A little girl once chased leaves of all colors and sizes as they were carried away by the wind on a warm autumn afternoon. She would run and fall and scrape her knees, but at the end of the day, she would lay on her bed with a smile on her face and a mind filled with hopes and dreams.

Years later, a woman enviously watched as the wind picked up a cluster of leaves and peacefully sent them flying off the rooftop into the still night sky. She knew she would not be going to bed tonight. Soon, she would be as weightless as those leaves, and there would be no more cold nights, no more heartache.

Phoebe Buffay was fourteen years old when her mother decided life was not worth living, not even for the sake of her two children. Young Phoebe coming home after a long day in the snow had expected to find hot chocolate and freshly baked cookies waiting for her on the kitchen counter. Instead, she stumbled upon a sight her eyes would never forget.

To this day, she still vividly remembers her dead mother laying on the kitchen floor.

The following months were filled with confusion and unbearable pain, a pain so strong and so new to Phoebe that it raged her. Her mother's selfish decision was causing her to feel things she had never felt before, have thoughts no fourteen year old should have. Having no control over her emotions made the young girl's blood boil. Her mother, the woman who was supposed to shield her away from harm's way, had hurt her in a way nothing else ever had. She couldn't understand why she had done something so impulsive, so mindless.

Now, as she stood on the rooftop's edge, inches away from death, Phoebe smiled to herself. She could finally grasp the reasoning behind her mom's decision, and she now knew that there had been nothing impulsive or mindless about it. Suicide started out as a small thought, but it slowly began to consume you until you made it a plan, a destination. You could take months, even years to finally go through with it, but when you did, you'd comprehend that the act of ending your own life takes an awful lot of contemplation.

But what exactly drives one to suicide? Add to the list of things Phoebe couldn't help but wonder as she set foot in the streets of New York city. All those years out in the cold of Manhattan, she blamed herself for her mother's death. The thought, Phoebe knew, was completley irrational. She had done nothing but be a child, a very loving, kind hearted and joyous one, as a matter of fact.
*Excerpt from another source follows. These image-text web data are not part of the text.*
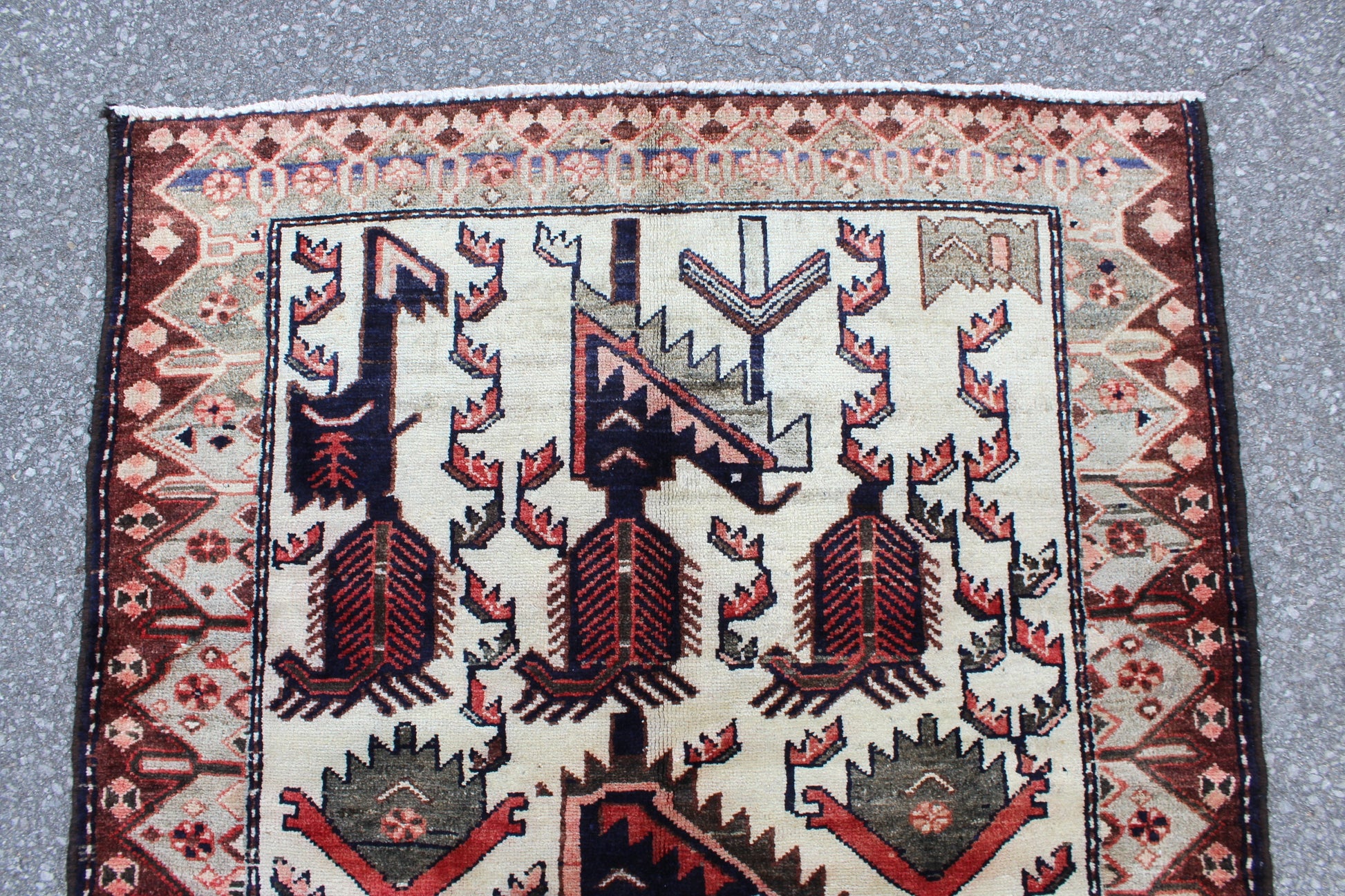 Earth Toned Ivory Rust 3x5 Handmade Vintage Turkish Area Rug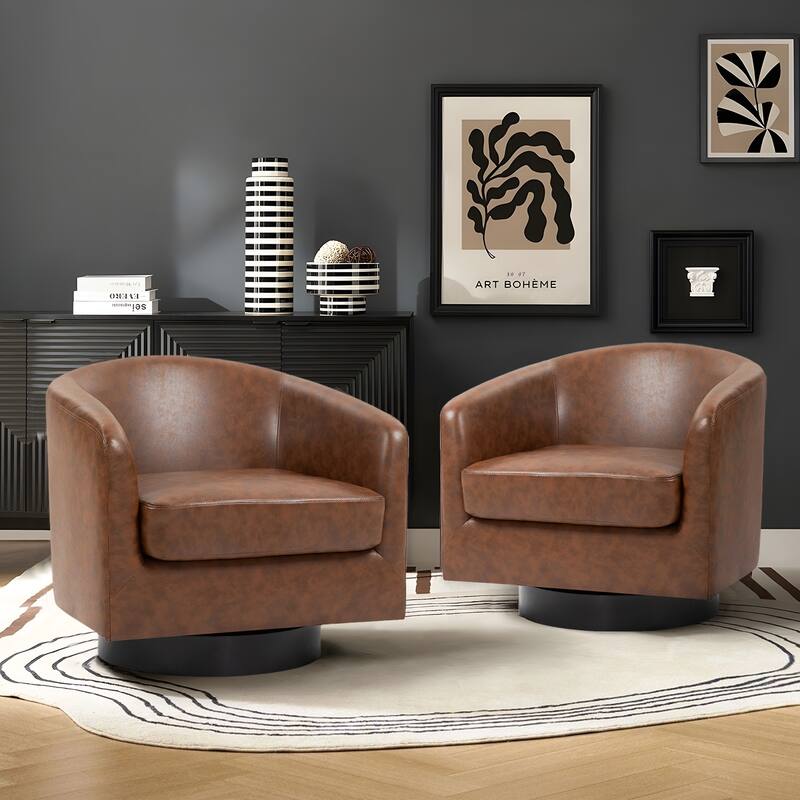 2 Set Modern Vegan Faux Leather Swivel Barrel Accent Chair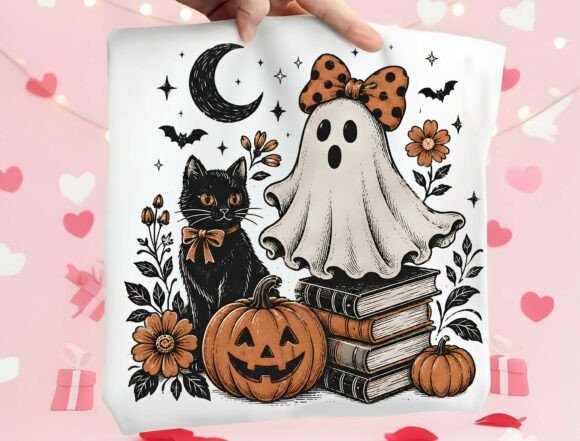 Enchanting Bookish Spooky Sublimation Design for Autumn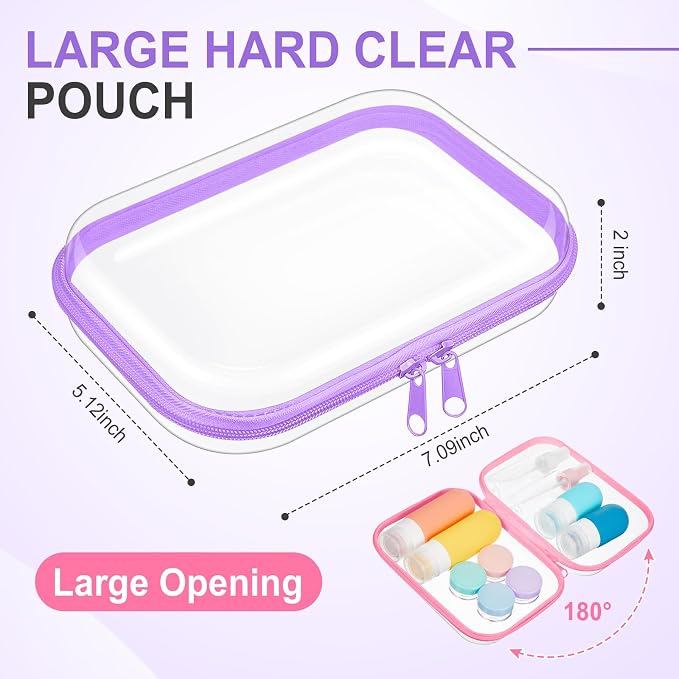 Sanwuta 6 Pcs Clear Hard Zipper Case Hard Plastic Zipper Pouches Transparent - Image 2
How would a little girl like her kill her mother's will to live, she didn't know, but she was still convinced that it was her who drove the woman to end her life. Teenage Phoebe blamed herself because she had no answers and she desperately wished for closure, even if it meant carrying the unnecessary weight of guilt for the rest of her life. She didn't know, as she does now, that what killed her mother were the memories.

You can escape, go home, lock the door, but the memory of what happened will always be there, trapped in your mind. No matter how far you try to push it away, it will always come back. At first it'll only be there when the world goes dark and silent and you're left alone with your thoughts, but then, it'll start hunting you during the daylight, in the middle of a laugh. It'll stain your mind and devour your happiness until there's nothing left of it, until all that's left in you is the memory of what happened. And so you begin to fake a smile, to force a laugh. You become the optimist, the happy one, because the memory is yours only and if you let the others see behind the mask, they'll know, but they will never understand. Keeping it to yourself is easier, so you decide to suffer in silence.

Phoebe Buffay was sixteen years old when she was raped in a back alley. Her virginity, one of her only possessions at the time, was taken from her from her best friend, the guy she lived with and trusted with her life. He left her there, shaking and bleeding, and he was never to be seen again. All that was left of the cheery little girl she once was was gone. She left her happiness in that back alley and never came back for it. That night, a sixteen year old girl lay on a pile of cartons with tear stained cheeks and a mind filled with broken hopes and dreams.